But already a compile attempt shows us that there is still a piece missing: I happily use as yet undefined operators for polynomials and doubles, e.g.

   new StandardExpressionRewrite(...
      ...
      m => ... -2 * (m & p) ...);

After adding an operator that allows us to multiply a double with a polynomial, the rules compile—but one of the first tests is now red. Why? Because I also use plus and times operators to connect polynomials, e.g. here:

   new StandardExpressionRewrite(...
      ...
      m => ((m & p) * (m & p) + ...);

Because I defined these operators already for the AbstractExpr class, they now create a small expression tree from the two polynomials, instead of merging them into one polynomial! But easily enough, redefining the operators in class Polynomial solves the problem. Here is, for example, the unary minus for polynomials:

    public static Polynomial operator -(Polynomial p) {
        return CreatePolynomial(p.Var, p.Coefficients.Select(c => -c)).P;
    }

Plus and times are quite a bit longer, but not really complicated.
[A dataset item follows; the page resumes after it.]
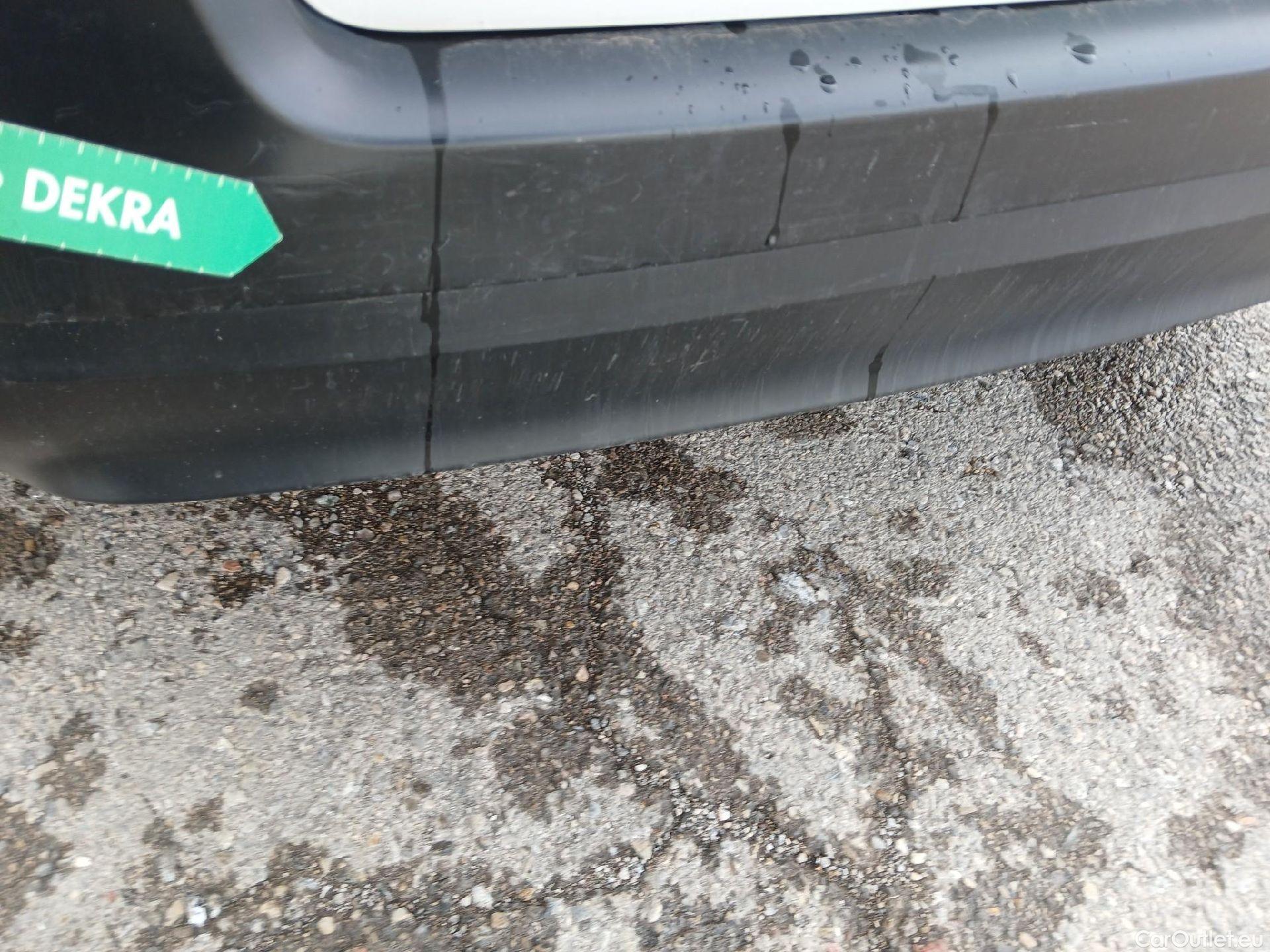  Citroen  C3 CITROEN  / 2020 / 5P / berlina con portón BlueHDi 75KW (100CV) S&S Feel Pack #33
And after their definition, all the square tests happily run green!

4. Unary minus

Folding a unary minus is now easy. We need just five rules:

    // -(P + -E) --> {-P} + E
    new StandardExpressionRewrite("P+-E", _unaryMinusRewrites,
        p + -e, m => -(m & p) + (m & e));
    // -(P + E) --> {-P} + -E
    new StandardExpressionRewrite("P+E", _unaryMinusRewrites,
        p + e, m => -(m & p) + -(m & e));
    // -(-P) should not happen; the inner -P must have been
    // rewritten to a polynomial with inverted coefficients!
    // -(P) --> {-P}
    new StandardExpressionRewrite("P", _unaryMinusRewrites,
        p, m => -(m & p));
    // -(-E) --> E
    new StandardExpressionRewrite("-E", _unaryMinusRewrites,
        -e, m => m & e);
    // -(E) --> -(E)
    new StandardExpressionRewrite("E", _unaryMinusRewrites,
        e, m => -(m & e));

and a simple visiting method:

    public IAbstractExpr Visit(UnaryMinus op, IAbstractExpr inner, Ignore p) {
        return Rewrite(inner,  
                       "Cannot handle unary minus",
                       _unaryMinusRewrites);
    }

Maybe it is instructive to disect the operators used in the rewrite result of second rule. There, the code is

        m => -(m & p) + -(m & e)

• (m & p) is a polynomial, therefore, the unary minus to the left of it is the operator we defined above. It creates a new polynomial, where all coefficients are inverted.
• (m & e), on the other hand, is an AbstractExpr. Therefore, the preceding unary minus is the expression tree building operator that we defined many postings ago.
• Finally, the + operator is applied to a polynomial and an AbstractExpr. Therefore, the compiler cannot select the polynomial addition, but must use the AbstractExpr operator for building a BinaryExpression.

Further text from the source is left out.